Top of Available data

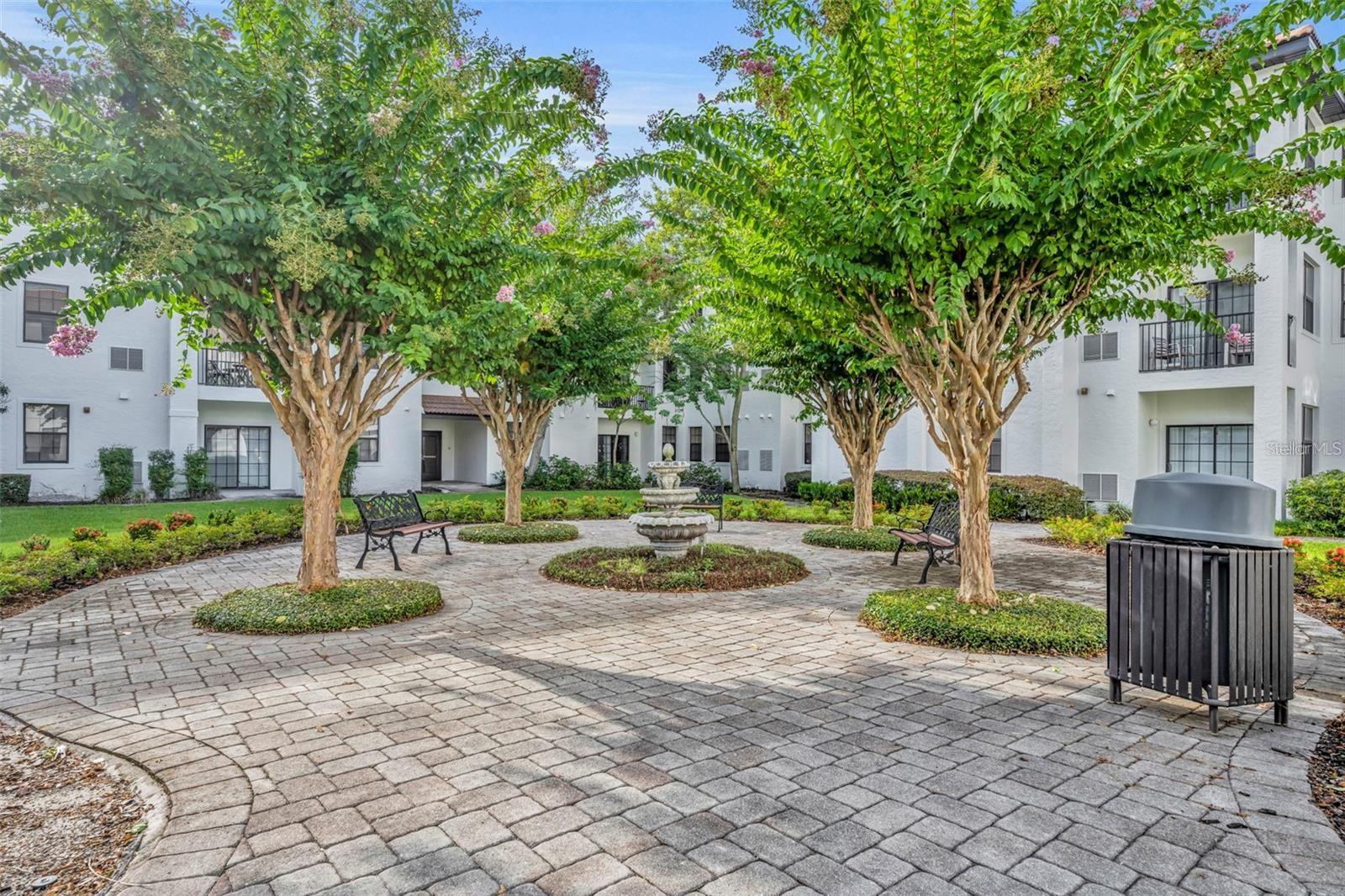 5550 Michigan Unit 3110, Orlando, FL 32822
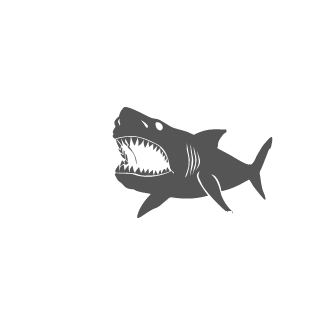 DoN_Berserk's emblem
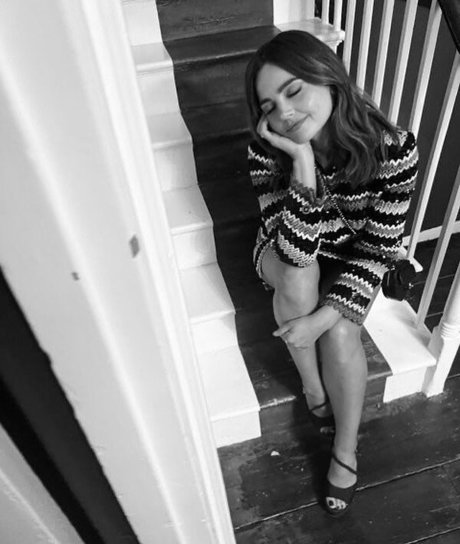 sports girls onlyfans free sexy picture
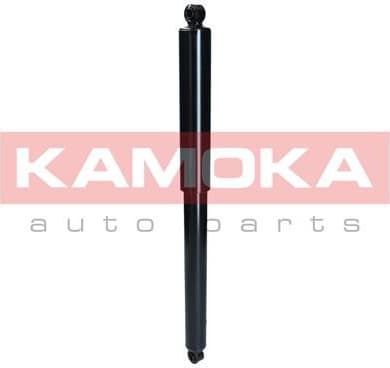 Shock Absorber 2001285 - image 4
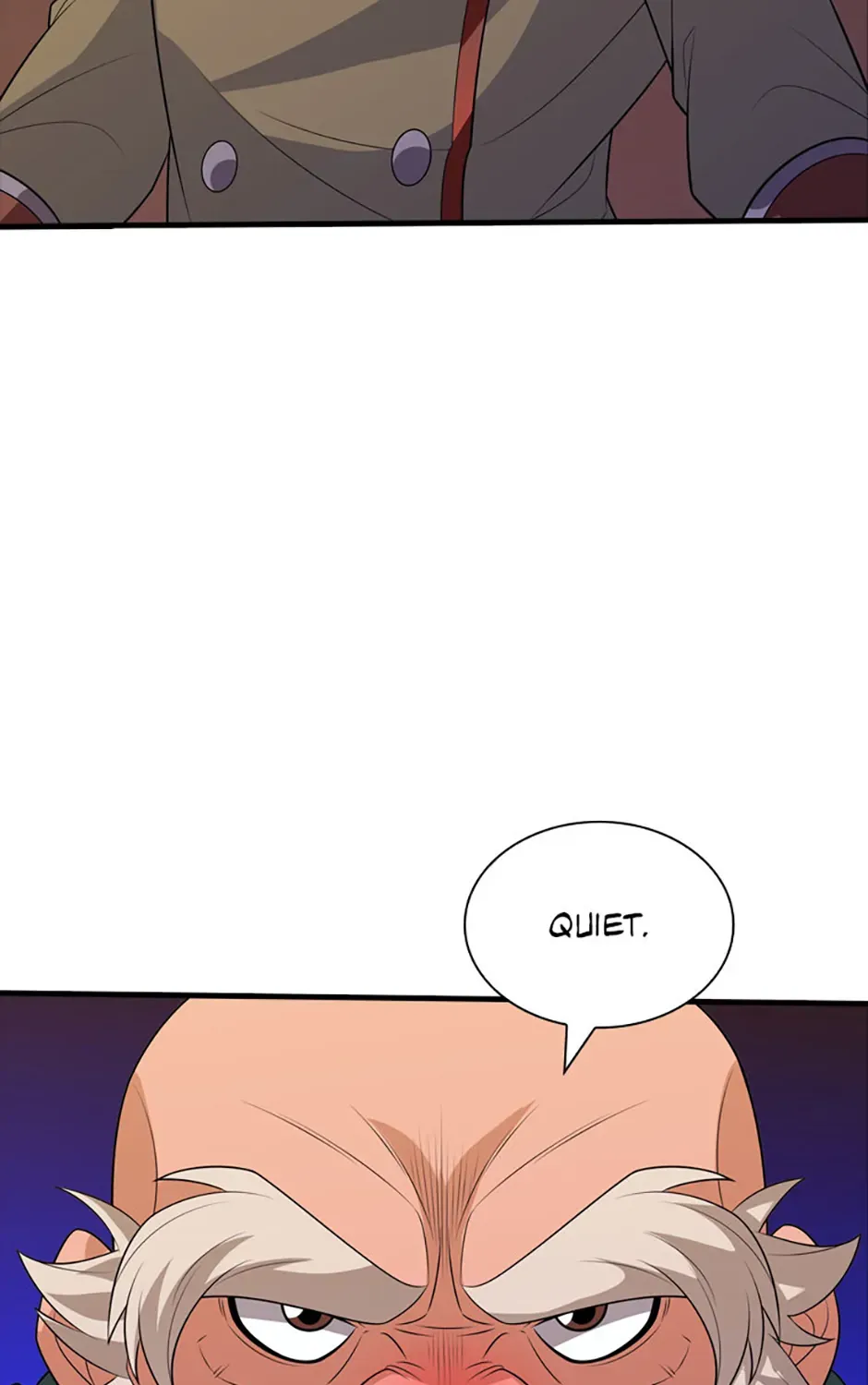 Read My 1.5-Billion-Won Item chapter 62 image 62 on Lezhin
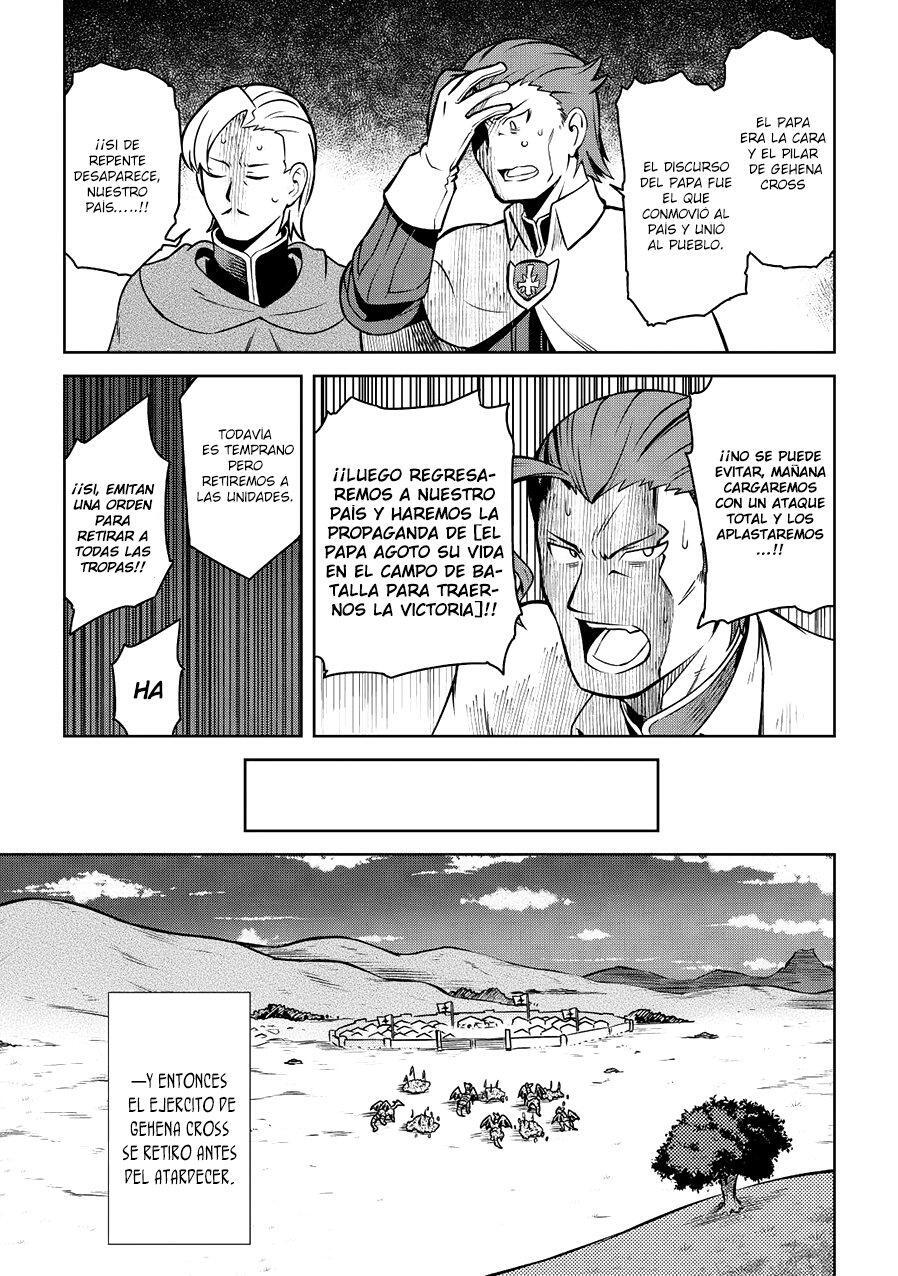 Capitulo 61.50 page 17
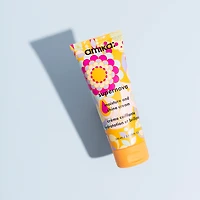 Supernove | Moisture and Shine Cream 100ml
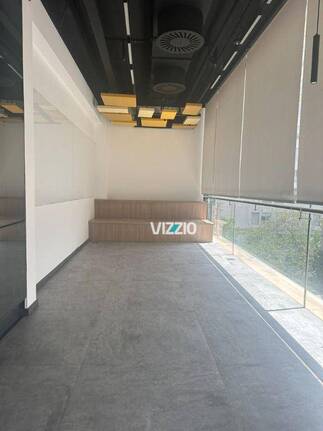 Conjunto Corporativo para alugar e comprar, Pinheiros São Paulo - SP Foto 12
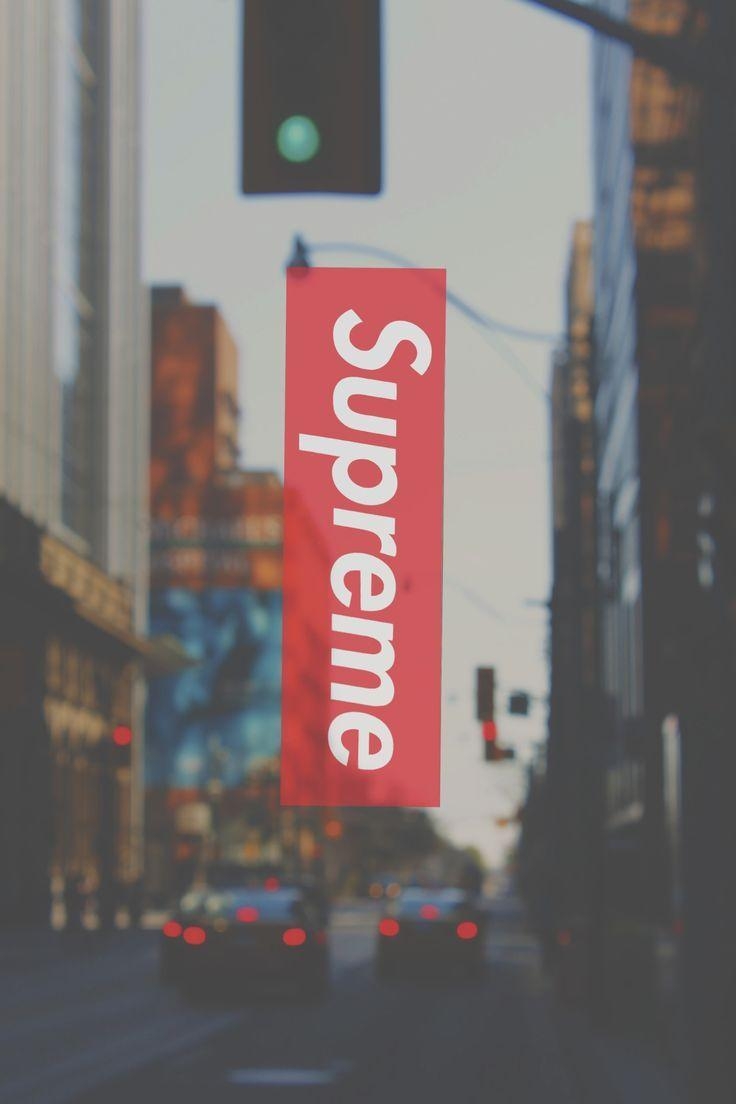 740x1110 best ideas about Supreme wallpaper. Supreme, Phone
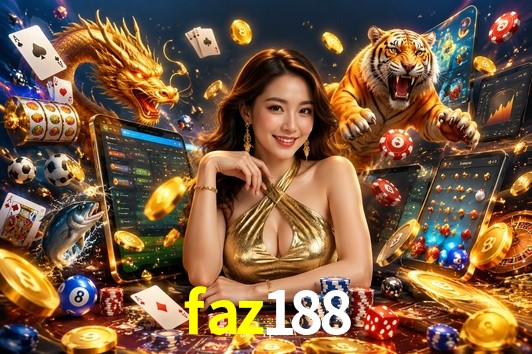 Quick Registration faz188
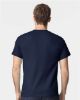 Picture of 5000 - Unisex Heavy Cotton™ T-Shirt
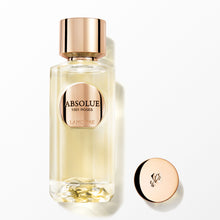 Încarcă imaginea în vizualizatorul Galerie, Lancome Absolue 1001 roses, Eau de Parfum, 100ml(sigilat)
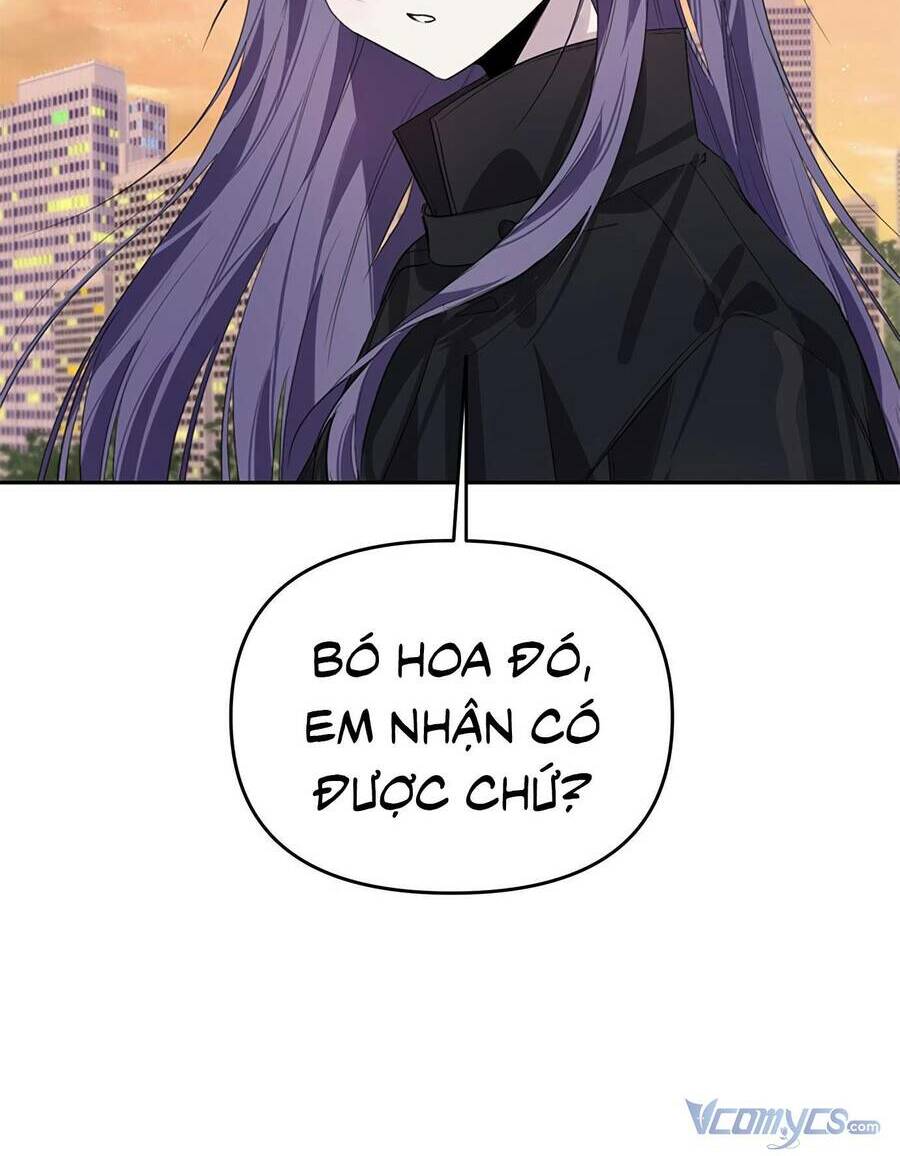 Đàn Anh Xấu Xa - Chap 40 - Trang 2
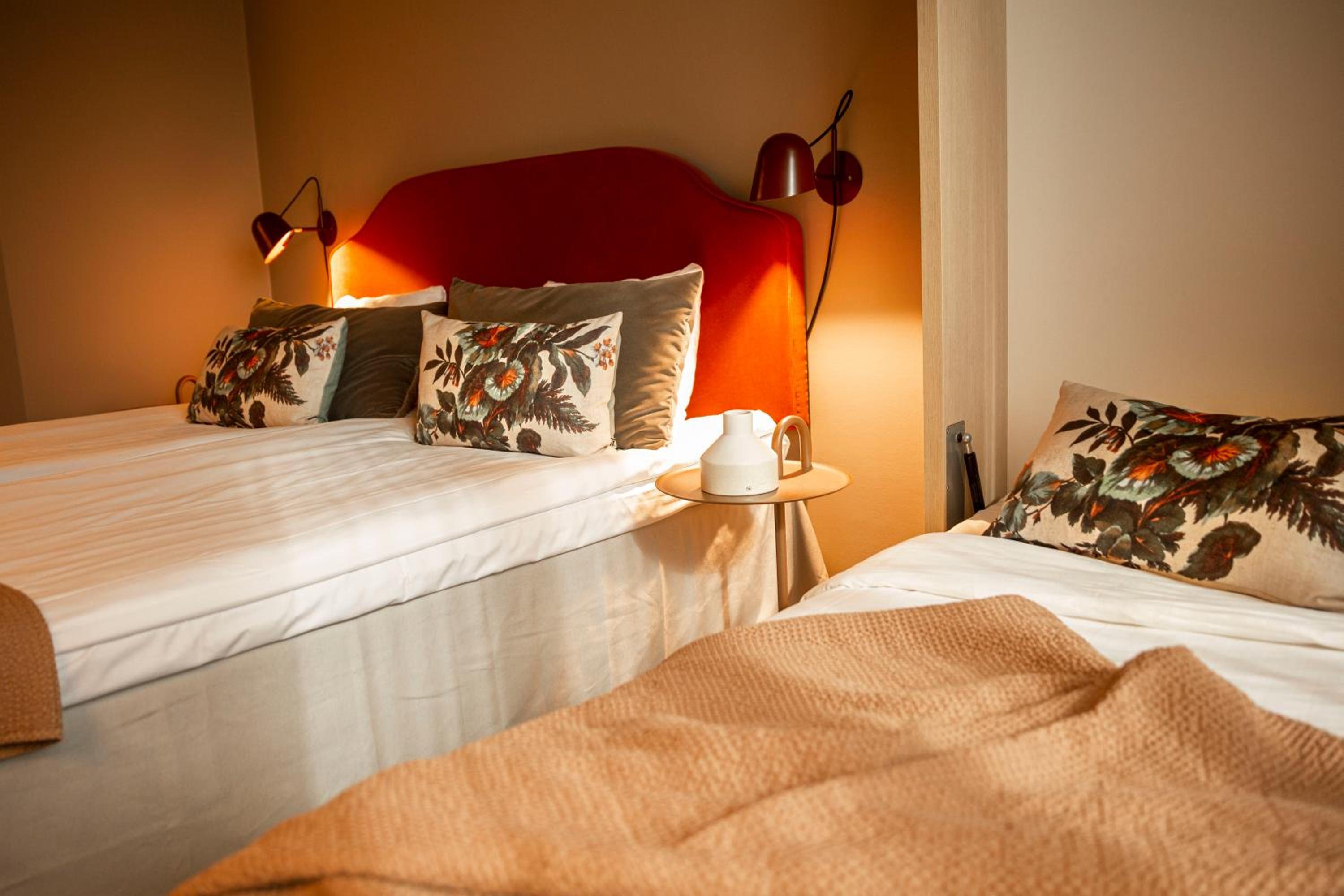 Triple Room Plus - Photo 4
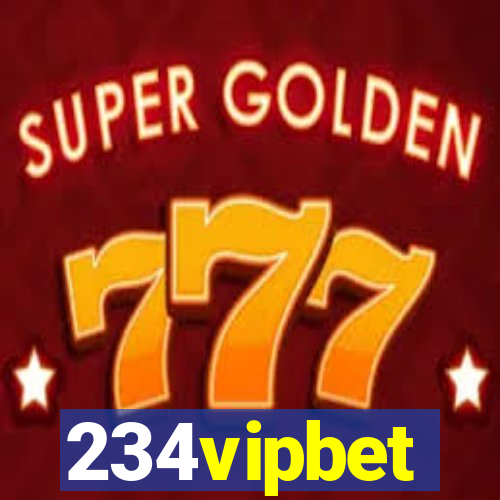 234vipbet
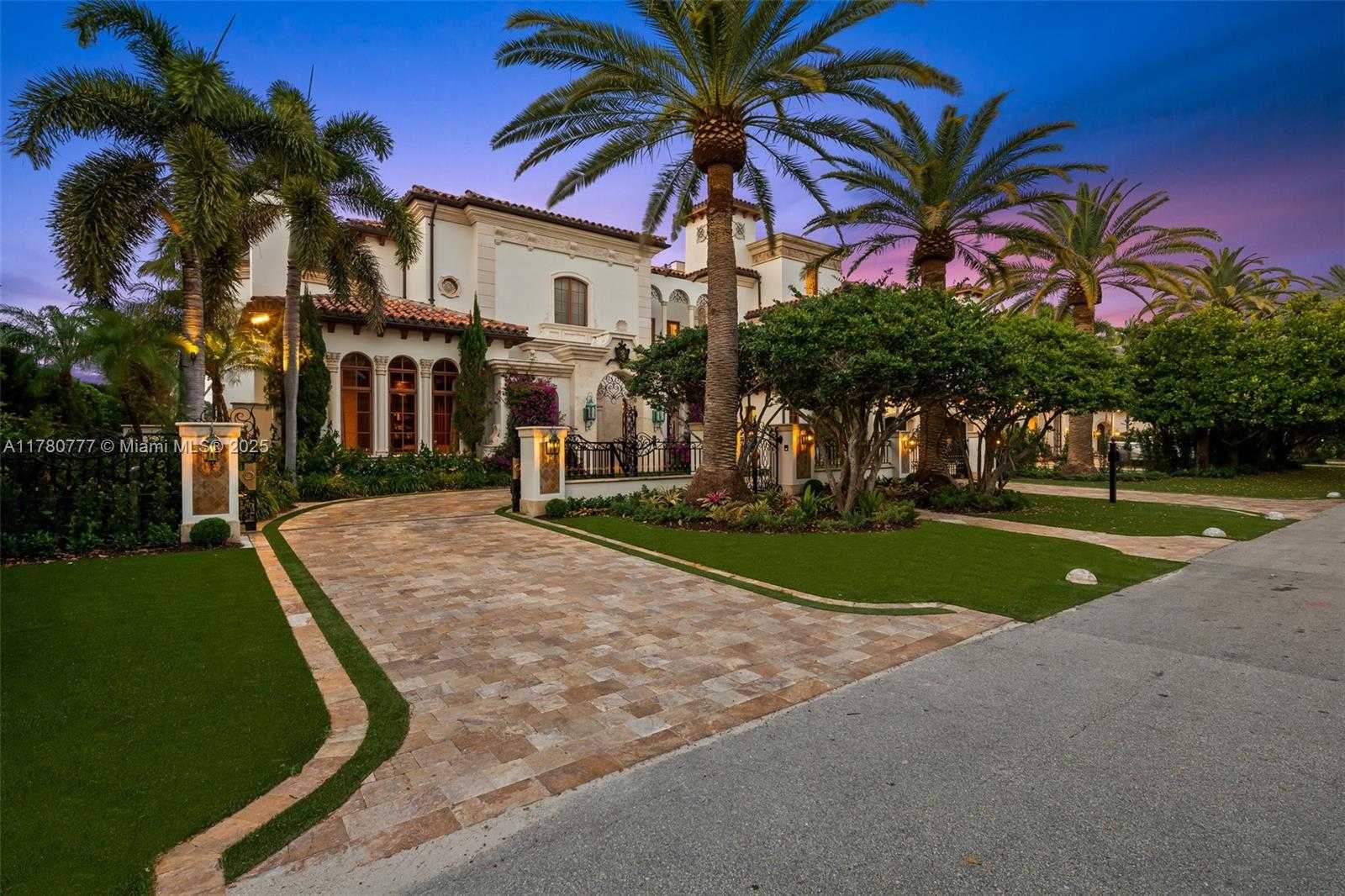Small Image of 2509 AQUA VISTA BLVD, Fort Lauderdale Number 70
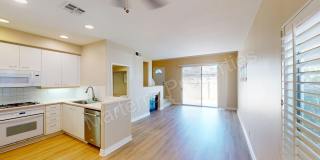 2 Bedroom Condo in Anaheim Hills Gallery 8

Bottom of Available data

■ **What to do**: Print all of the material exactly. Omit pictures.

■ **Task response**:
 5550 Michigan Unit 3110, Orlando, FL 32822
 DoN_Berserk's emblem
 sports girls onlyfans free sexy picture
 Shock Absorber 2001285 - image 4
 Read My 1.5-Billion-Won Item chapter 62 image 62 on Lezhin
 Capitulo 61.50 page 17
 Supernove | Moisture and Shine Cream 100ml
 Conjunto Corporativo para alugar e comprar, Pinheiros São Paulo - SP Foto 12
 740x1110 best ideas about Supreme wallpaper. Supreme, Phone
 Quick Registration faz188
 Picture of 5000 - Unisex Heavy Cotton™ T-Shirt
 Încarcă imaginea în vizualizatorul Galerie, Lancome Absolue 1001 roses, Eau de Parfum, 100ml(sigilat)
 Đàn Anh Xấu Xa - Chap 40 - Trang 2
 Triple Room Plus - Photo 4
 234vipbet
Small Image of 2509 AQUA VISTA BLVD, Fort Lauderdale Number 70
 2 Bedroom Condo in Anaheim Hills Gallery 8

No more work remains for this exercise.